There was a holographic table map in the middle of the room. It flickered as they stood by it. She could see the camp, the defensive walls showed active turrets. The bay was frozen solid with the icebreaker half a mile from the shore, makeshift bridges had been laid over the ice which was several feet thick.

Two groups of hostiles were approaching from the west. They were quite large; pre-war China used human wave tactics to win battles. Maybe they were going to try that here. She was about to ask something when the power cut out, red emergency lights flicked on after, as everyone looked around for an answer.

"Power," Hotchkiss said.

He dropped his soup and shouldered passed her and leapt down the stairs five at a time. Once she'd gotten down herself, he was already across the hangar, standing near the semi disassembled Boxer. Two mechanics and a bipedal droid were guiding the engine into the front end of the vehicle with haste. The big overhead lights were off, but flashlights and microfusion-powered lamps provided enough light.

A short man with skin as black as night had appeared next to Hotchkiss. Knight-Captain Edgar Gallows, his bloodline stretched way back – was a competent commander. He was quiet yet spoke his mind freely and did not shy away from violence.

"I want that armour out there right now, scribe," Hotchkiss said with authority.

"Sir!" One of the youthful mechanics replied. The engine was lowered into place and they began tightening connections and wiring up the electronics.

"No comns," Hotchkiss started, "until power is restored.
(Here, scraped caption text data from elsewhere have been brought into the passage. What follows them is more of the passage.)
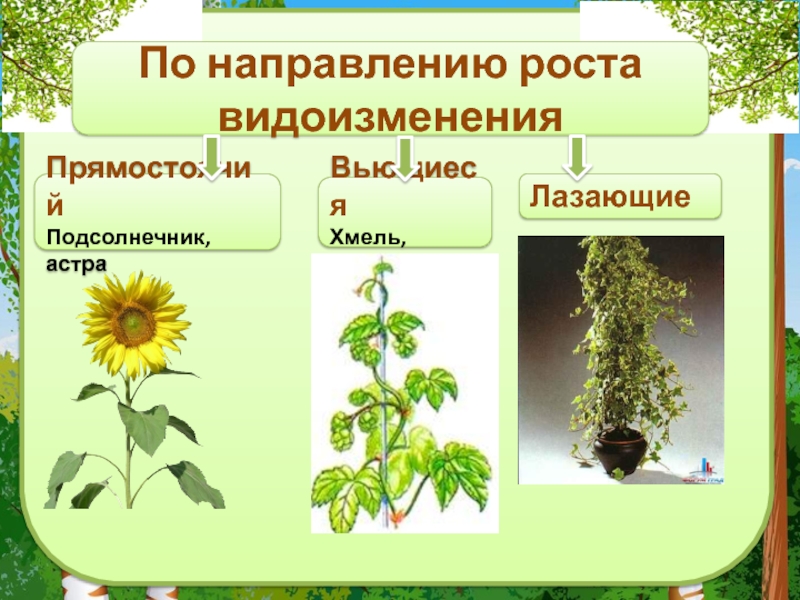 Стебель его строение и значение 6 класс. По направлению роста. Дуб по направлению роста. Какие направления роста растений.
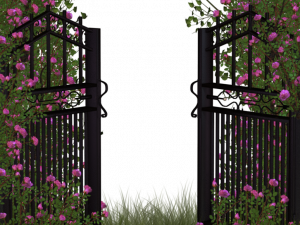 Garden PNG High Quality Image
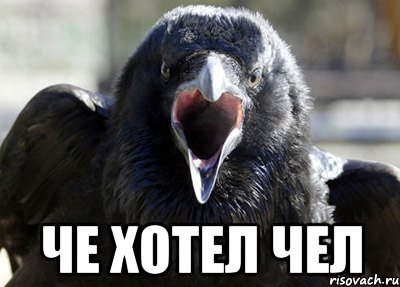  ЧЕ ХОТЕЛ ЧЕЛ, Мем ворона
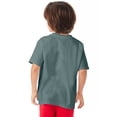 thumbnail image 3 of Hanes Kids' Garment Dyed Cotton T-Shirt Cypress Green XS, 3 of 4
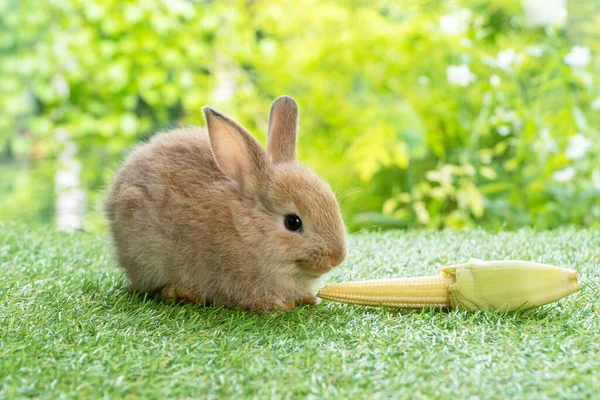 イースター動物のウサギの概念 自然を背景に緑の芝生の牧草地に座っている間に有機新鮮な赤ちゃんのトウモロコシを食べ空腹愛らしい小さな毛皮の茶色のウサギ — ストック写真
Harriet, you're on patrol, take a look around the perimeter," Nicole turned for her Boxer, hearing the rest as she did.

"Gallows, you get repair duty. Take a droid and check the cable."

"Right away," Gallows voice was deep and carried far.

She found her crew outside of the Boxer, the rear hatch was down and a few crates had been stacked for resupply. Green was tightening the chain on the rear left wheel, she was thin with a saffron-tint to her complexion which made her short blonde hair stand out even further. Dark eyes flashed back at Nicole as she turned to look at her, she held an army green right-angle flashlight.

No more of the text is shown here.